Re-visiting the Community: The Politics of Theatre Beyond the Theatre

Weakening spectatorship
What the trajectory of modern Western theatre shows is a drastic taming of the audience. Paradoxically, the discovery of the “physiological man” that realism and naturalism achieved, as Garner accurately points out, was accompanied by a perceptual deactivation of the audience’s own physical presence (2007: 116).
The limiting structures of perception and attention championed by the followers of realism, as well as the gradual casting of the audience in the role of “clients,” along with the elevation of professional artists, managers, public relation people, fund raisers and sponsors to the role of connoisseurs, not only sealed theatre off from the world but also discouraged any unruly responses, narrowing the repertoire of overt reactions on the receiving end to mere applause, thus making it, as Kershaw rightly notes, the major “expression of audience as community.” An audience “that refuses to applaud, an audience that is riotous, disrupts theatre’s harmonious ecosystem and exposes its shortcomings” (Kershaw 2007: 190).
As long as the performance was understood as the realization of an already complete project/play, an act of representation taking place in an already signified topos, the viewing experience remained relatively unchanged, despite occasional challenges. In the last few years, however, the reinforcement of theatre’s ecology and performative arsenal has changed many things, and above all, the way artists deal with the presentational qualities of theatre (for more see Lehmann 2006: 123-24). For example, the presence of narrator(s) on stage, or the use of non-professionals as actors, the activation of all the audience’s senses (not just their ears and eyes), the change of location and its emphasis on the art of the everyday, the use of video recordings, diaries, photos, interviews and other documentary elements, the use of microphones and more advanced hi-tech gadgets, have allowed the emergence of new ecosites and aesthetics of spectatorship (or “spect-actorship,” according to Boal).
These reinforce the image of theatre as an event that is more critical, more conscious of being there, “of being present,” as Kaye points out (2001: 1-12; also Hill 2007: 3-7 and Keidan 2007: 8-16); an event which, by provoking a crisis in the poetics and politics of representation, radicalizes once again viewing and understanding in a very different (and in many cases, more effective) way than other traditional modes of communicating. Using mainly non-traditional surroundings and boundary-pushing subject matter, contemporary artists leverage the power of live performance to provoke a deeper consideration of social, political, and eco-cultural issues. They invite audiences to deconstruct pre-conceived and fixed notions, and to build new understandings of their communities, their world and—why not—themselves. In a way, these artists are theatre-makers and community builders, artists who use performance as “a mode of cultural action and not a simple reflection of some essentialized, fixed attributes of a static, monolithic culture but an arena for the constant process of negotiating experiences and meanings that constitute culture,” as Zarilli claims (1995). They believe that the regular coming together of people would create, with the passage of time, a stronger sense of community, of the kind we experience attending marathon productions, whose duration gives people the chance to share meals, coffee breaks, ideas and to cultivate friendships. Whereas fifteen years ago a long, drawn out production would have scared them off, now it is common practice, if we judge from the festival popularity of shows such as Peter Stein’s twelve-hour Daemons, Lupa’s nine-hour Factory, Warlikowski’s five-hour Apollonia, and the six-hour productions: Dodin’s Brothers and Sisters, Forced Entertainment’s Quizoola!, and Howard Barker’s The Ecstatic Bible, among others. Barker is not exaggerating when he writes in his Arguments for a Theatre, that “one day a play will be written for which men and women will miss a day’s work” (1997: 24). Durational live art surely denaturalizes our mode of spectatorship and forces us to ask questions about the value of art and whether spending so many hours is worth the trouble. Some people think it is.
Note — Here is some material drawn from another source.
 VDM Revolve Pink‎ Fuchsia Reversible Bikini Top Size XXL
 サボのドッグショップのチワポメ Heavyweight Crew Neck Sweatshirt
Flash Mobs and public space
Flirting with the communal are also the interventions in public spaces organized by professional and non-professional performance enthusiasts, such as the American flash mobs, which appear from nowhere, mix with the crowd that happens to be there, frustrating distinctions between life and theatre. By inserting art into everyday experience, these events surface as a direct critique of the lack of communal activity. Their reason d’ etre is simple and direct: “We rarely go out to meet people,” their organizers say. Whenever we do, we make sure to carry our gadgets with us, to protect us from mixing with other people (iPods, cell phones). Public spaces no longer have the meaning of the ancient agora, a place for exchanging ideas and discussing issues of communal interest. As an answer to that, these interventions somehow try to put us inside the action (and the ecosystem) and momentarily turn us into a community, blurring the lines that separate us and the spectacle. In terms of traditional hermeneutics, these events challenge the tyranny of the typical, the predictability of the trite, the boredom of the everyday. You never know if something is going to erupt. By storming public space, they claim it and also momentarily transform it into an (eco) art that people cannot purchase, but only participate in, and thus generate their own spectacle as well.
I underline the importance of these public interventions not so much for their artistic merit but mainly for their political significations. Especially for us Greeks, for whom the streets are rarely used for art—they are usually a topos for parades, demonstrations, sit-ins, occupations and riots—events which reintegrate art and everyday life, remind people why they should re-discover the city and the community they live in. To walk in the city or to visit a museum are routine activities, no doubt, yet they could cast new light on how places are understood, used or misused. As de Certeau says, these activities are important because they can disrupt standard notions of place and transform it into a more creative, transformative optimistic space (1984). And it goes without saying that the success or failure of all these playfully anarchic and occasionally discomforting events depends on our willingness “to become cogs within a preprogrammed machine” (Muse 2011: 19), which is not always an easy thing to do, because they disrupt the delicate fabric of our certainties. Once overcoming our fears and joining in, we can develop a new awareness of the place we live in and a new awareness of being part of a community (for more Muse 9-23).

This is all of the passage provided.